Les plus grands romans sont ceux
qui vous font grandir. Ceux de Florence Hinckel sont de ceux-là.
Hors
de moi m’a-t-il fait grandir ?
Je ne saurais pas vraiment le dire finalement. Parce que je suis un peu plus
âgé que Sophie, parce que je suis un garçon (je ne serais jamais enceinte, eh
oui), parce que ce que j’ai ressenti pour ce texte n’a pas été aussi fort que
ce que j’ai ressenti pour L’été où je
suis né. Mais il en touchera plus d’un(e), qui seront sans aucun doute
autant marqué, peut-être même plus, que je l’ai été en lisant ce nouveau roman
signé Florence Hinckel.
Et quand j’ai fini le roman. Quand
d’un dernier élan j’ai dévoré, avalé, englouti les dernières pages et que
celles-ci ont achevé de m’ébranler, il ne me restait plus qu’une chose à faire ...
il était venu ce moment que je ne m’étais pas accordé alors que j’en avais l’envie
depuis plusieurs mois. Il était venu le délicieux moment de relire L’été où je suis né.
Il faut savoir que Hors de moi est le « spin-off »
ou de L’été où je suis né. Hors de moi l’histoire de la mère de
Léo, avant l’histoire de celui-ci qui est le personnage central de L’été où je suis né, paru il y a
quelques années déjà dans un Je Bouquine, puis chez Scripto.
Même en le relisant, même debout
dans le tram, ou assis sur un banc, même au creux de mon lit, même là, ici ou
ailleurs, même si c’était la troisième fois, peut-être la quatrième, je ne sais
plus, il m’a bouleversé.
L’été
où je suis né est un texte doux et
sensible qui se saisit de la touchante voix d’un garçon pour parler d’amour, d’origines,
de se perdre et de grandir, d’épanouissement. C’est simple, vaste et grandiose.

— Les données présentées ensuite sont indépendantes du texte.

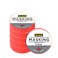 Scotch Expressions Masking Tape, .94 in x 20 yd, 6 Rolls/Pack, Primary Red (3437-PRD-ESF)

La plume aérienne mais vive et juste de Florence Hinckel délivre par vagues et
traits de vérité l’émotion fragile de ses personnages, leurs histoires, ces
adolescents fissurés qui apprennent la vie dans tout ce qu’elle a de complexe
et magnifique.
« Sauf que dans mon cas, rien ne s'est déplacé de continent en continent, mais juste en moi. C'est peut-être aussi vaste. »
Vous pouvez les lire dans l’ordre
que vous voulez.
Une chose est sûre, qui que vous
soyez, garçon ou fille, adolescent ou adulte, grand lecteur ou pas, chacun des
deux textes apporte à l’histoire de cette famille en morceaux le moyen de la
reconstituer, et d’en avoir une vision d’ensemble. Chacun des deux textes lui
apporte un nouvel angle et une nouvelle fenêtre pour voir, et comprendre.
C’est à travers celle de Léo que je
trouve le plus de profondeur et de résonance en moi … mais je ne ferme pas
celle de Sophie. Au contraire, je l’ouvre en grand, je cherche à en saisir les
subtilités, je vous invite à faire de même, et je laisse ces deux fenêtres
respirer, à l’unisson, le vent et la vie.
On revient toujours changé d’un
été, écrivais-je l’an dernier. C’est certain.
On revient toujours changé d’un
roman de Florence Hinckel. J’en suis tout aussi persuadé.
Plongez dans l’été fragile,
sensible, et bouleversant, de deux adolescents.